#### [WHAT IS REQUIRED]
With the pictures left out, write out exactly the lines of the listing below that run from the line with "Aerial shot of" through the line with "Two diversity pretty".

*** DATASET CONTENT Section Begins ***

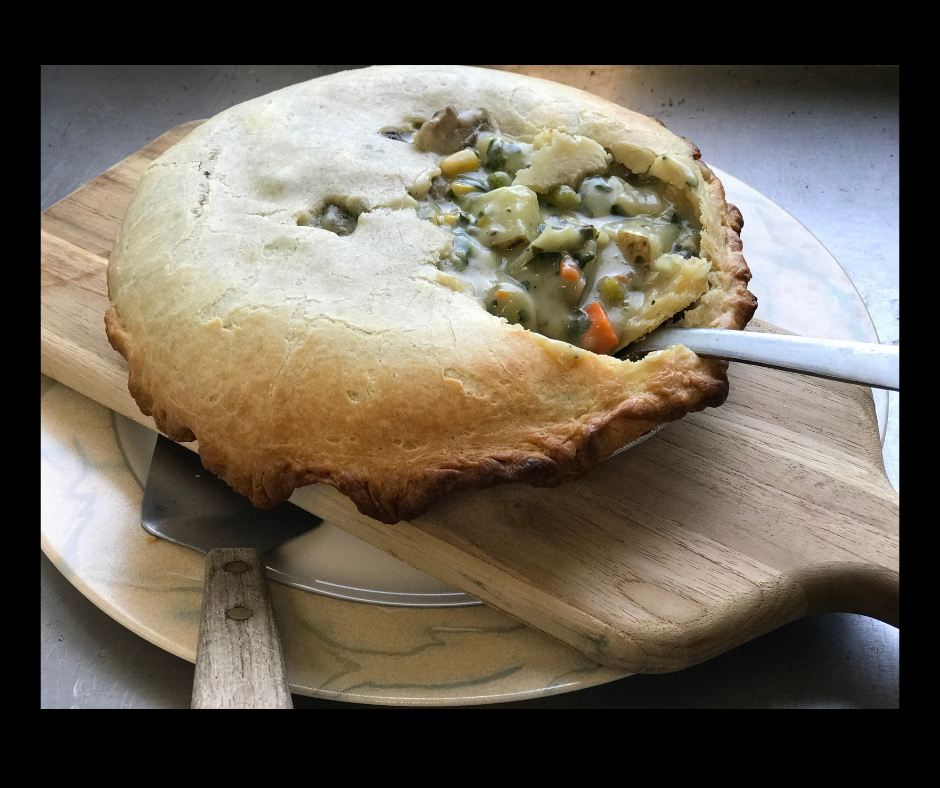 Pot pie on a wooden board, crust is golden brown and a spoon is scooping filling.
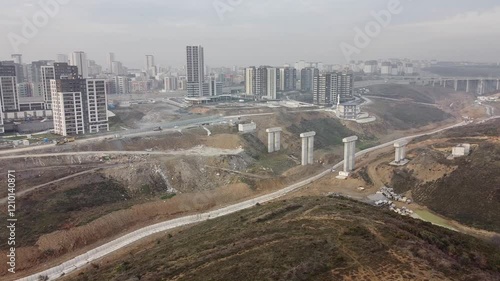 Aerial shot of bridges and buildings within a valley in Istanbul city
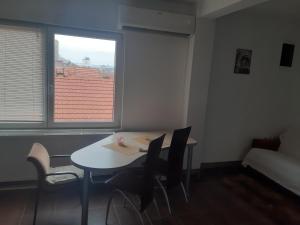 a room with a table and chairs and a window at Prostrani apartman Cacak in Čačak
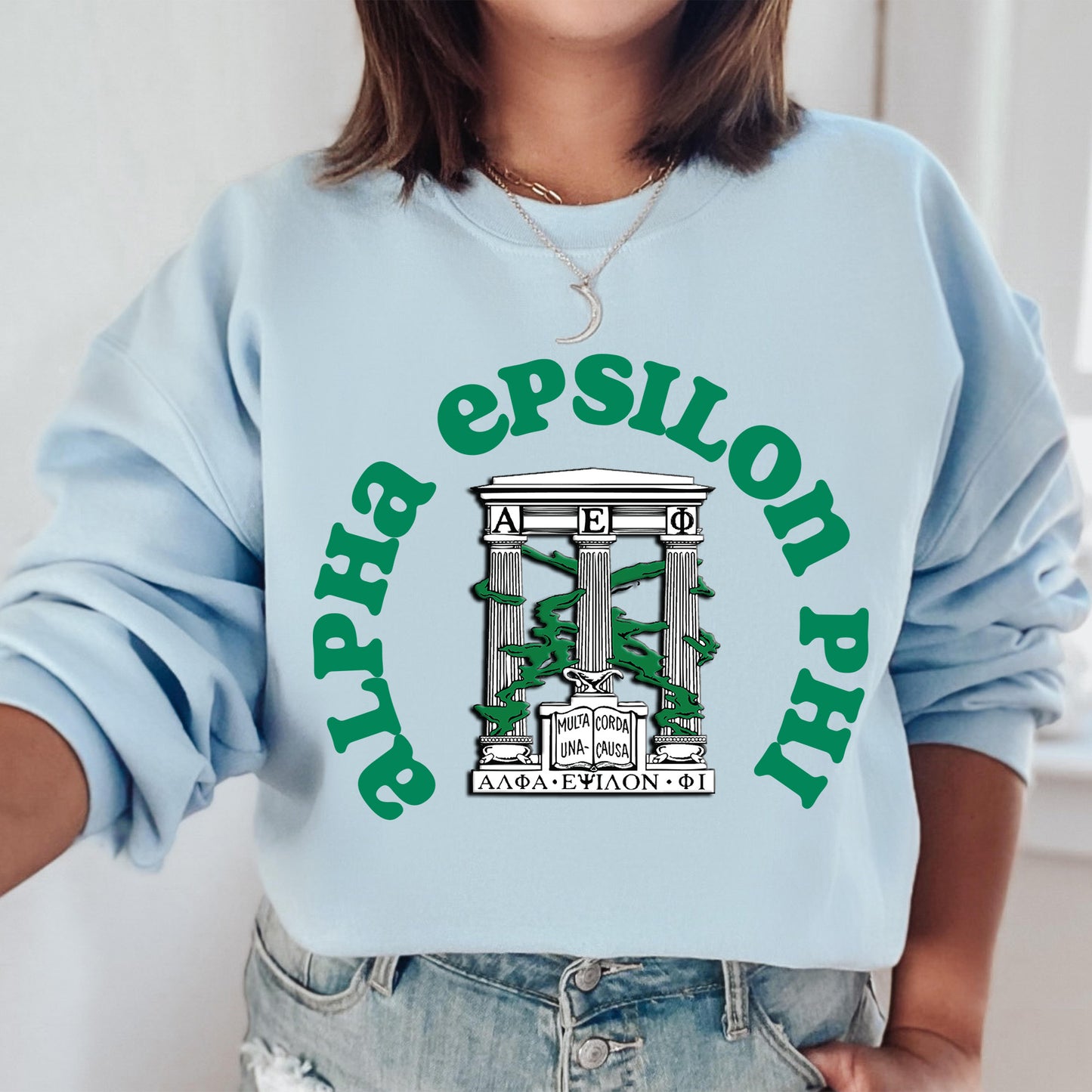 a woman wearing a blue sweatshirt with a green logo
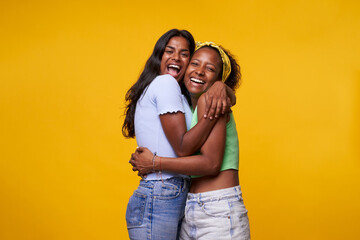 Two diversity pretty positive girls toothy smile hugging isolated on yellow color background. Young lesbian lovers couple embracing and looking camera. Friendship and homosexual relationship. - obrazy, fototapety, plakaty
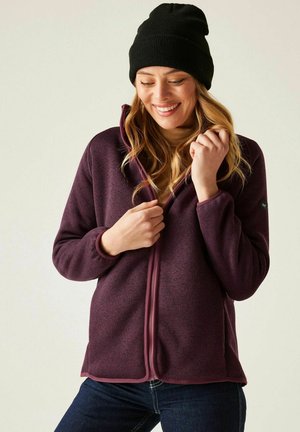 Uśmiechnięta kobieta w czarnej czapce typu beanie i fioletowej kurtce zapinanej na zamek, na beżowym golfie, trzymająca zamek blisko klatki piersiowej.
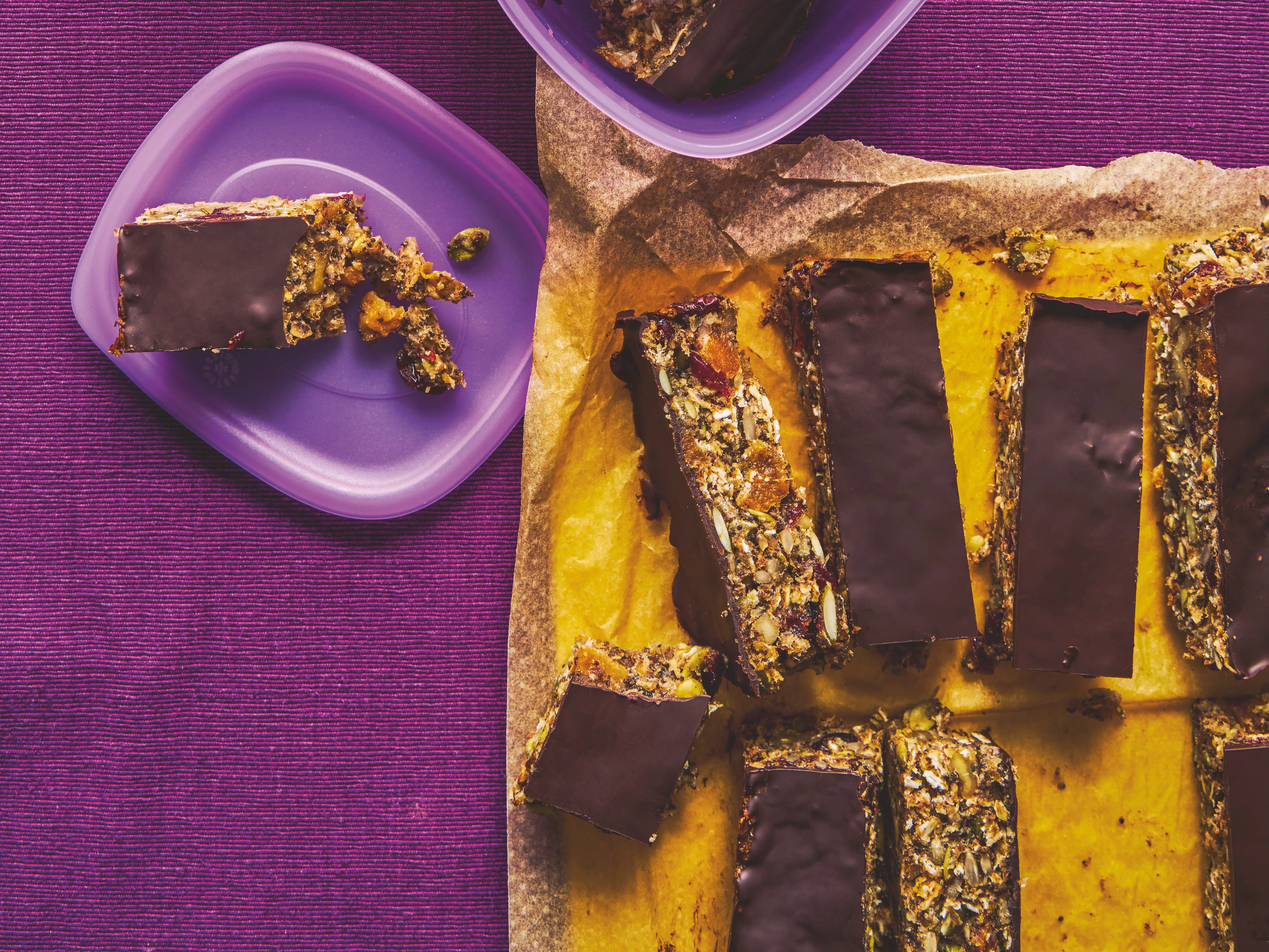 Chocolate-topped snack bars sit in plastic containers and on parchment paper over a purple textured cloth.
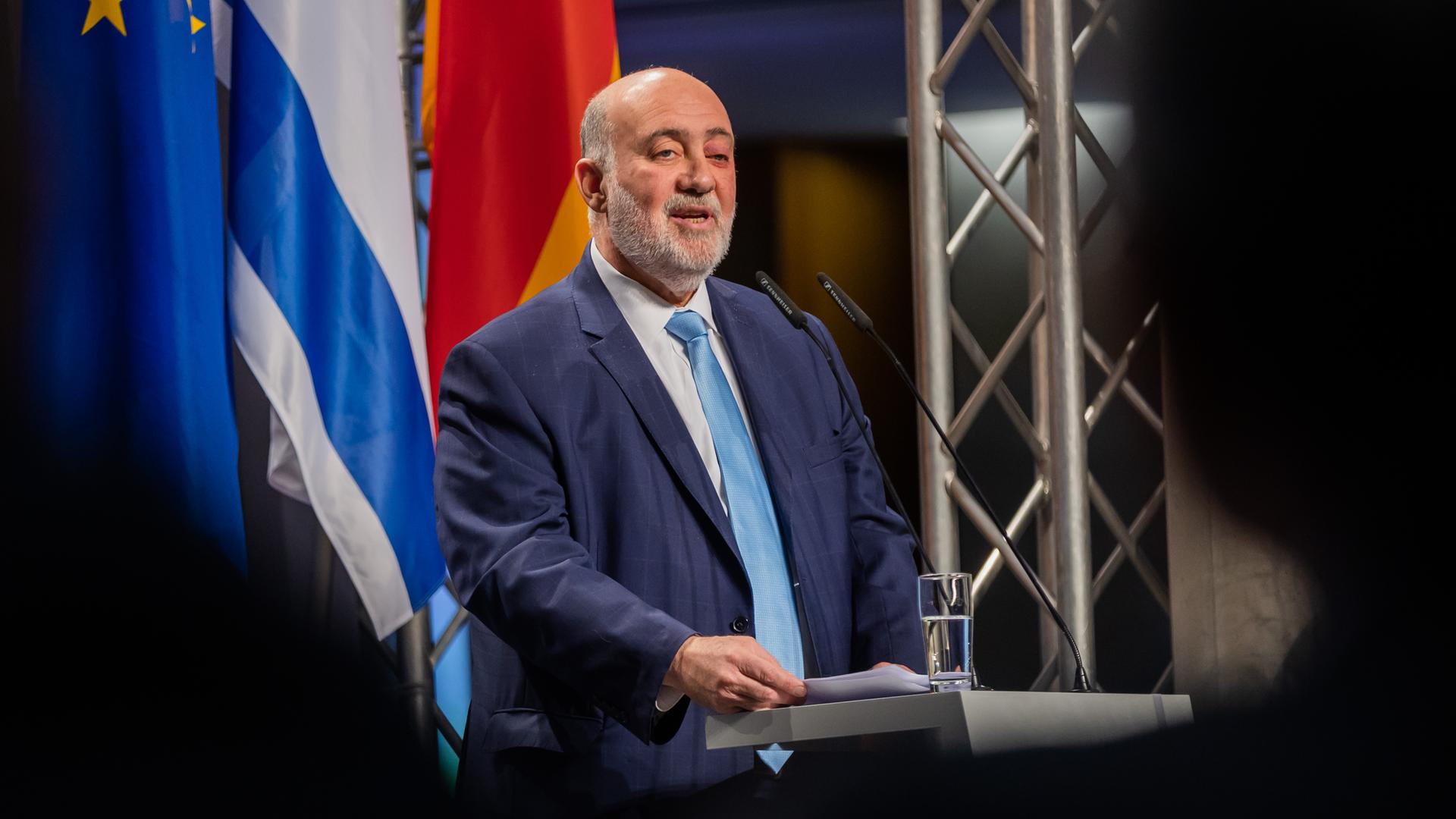 Der israelische Botschafter in Deutschland, Ron Prosor, spricht an einem Rednerpult vor den Flaggen von Israel, Deutschland und der Europäischen Union.
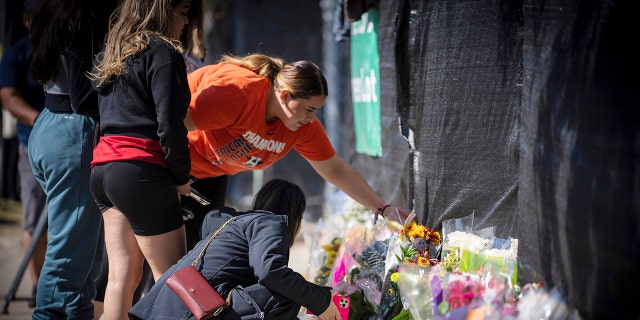 Stacey Sarmiento places flowers at a memorial in Houston on Sunday in memory of her friend, Rudy Pena, who died in a crush of people at the Astroworld music festival on Friday.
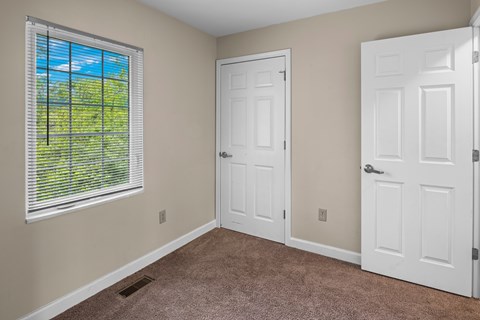A room with a window and two doors.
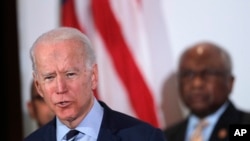 Democratic presidential candidate former Vice President Joe Biden, speaks as he is endorsed by House Majority Whip, Rep. Jim Clyburn, D-S.C., background, in North Charleston, S.C., Feb. 26, 2020. 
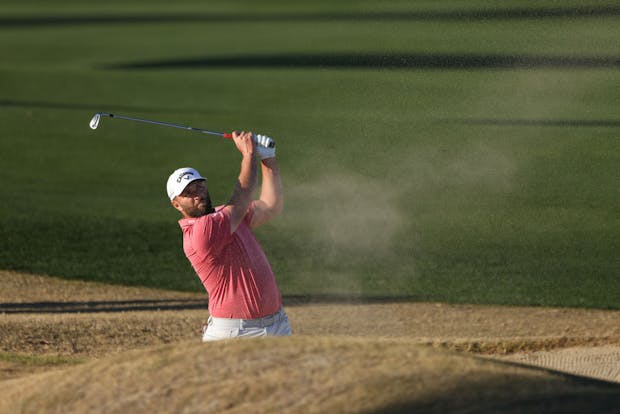 Jon Rahm of Spain plays a shot from a bunker on the 18th hole during the final round of The American Express (Photo by Katelyn Mulcahy/Getty Images)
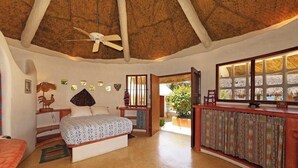 A bedroom with a bed, a ceiling fan, a nightstand, a dresser, and a window with a view of greenery. - Casa Rana Verde: Marvelous 3-bedroom villa with AC in vibrant Sayulita (Sayulita)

*** DATASET CONTENT Section Ends ***

#### [EXERCISE RESPONSE]
 Aerial shot of bridges and buildings within a valley in Istanbul city
 a room with a table and chairs and a window at Prostrani apartman Cacak in Čačak
 a woman wearing a blue sweatshirt with a green logo
 Two diversity pretty positive girls toothy smile hugging isolated on yellow color background. Young lesbian lovers couple embracing and looking camera. Friendship and homosexual relationship. - obrazy, fototapety, plakaty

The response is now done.